A Lei de Bases da Atividade Física e do Desporto reitera esta garantia, determinando no seu artigo 2.º que “todos têm direito à atividade física e desportiva, independentemente da sua condição económica, idade, género ou origem social”, e no artigo 5.º que compete ao Estado, Regiões Autónomas e autarquias locais “promover e garantir o desenvolvimento da atividade desportiva, assegurando o acesso equitativo e não discriminatório à sua prática”.
A imposição de uma licença obrigatória para participar em provas organizadas pela FPA configura uma restrição desproporcionada ao direito fundamental ao desporto, sobretudo quando dirigida a praticantes não filiados que não pretendem estabelecer qualquer vínculo federativo.
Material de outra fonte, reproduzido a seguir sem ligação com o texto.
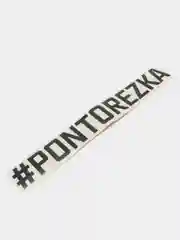Черный наклейка на авто "PONTOREZKA"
2. Do Impacto na Participação dos Atletas Amadores
É amplamente reconhecido que o universo de participantes em provas de atletismo de estrada ou eventos populares é, maioritariamente, composto por atletas amadores, os quais encontram no desporto uma forma de manutenção da saúde, de superação pessoal ou de convívio social, sem qualquer pretensão competitiva formal.
A obrigatoriedade da referida licença representa um encargo financeiro que poderá afastar estes praticantes das provas, produzindo efeitos nefastos, tais como:
Redução da participação em eventos desportivos, comprometendo a sua viabilidade económica e organizativa;
Desincentivo à prática desportiva, em contradição com as metas estabelecidas na Estratégia Nacional para a Promoção da Atividade Física, Saúde e Bem-Estar;
Tendência para a elitização da modalidade, afastando os cidadãos que procuram uma prática acessível e inclusiva.
3. Da Promoção da Atividade Física e da Saúde Pública
A prática desportiva constitui uma prioridade no domínio da saúde pública, sendo amplamente incentivada por organismos nacionais e internacionais, como a Direção-Geral da Saúde e a Organização Mundial da Saúde.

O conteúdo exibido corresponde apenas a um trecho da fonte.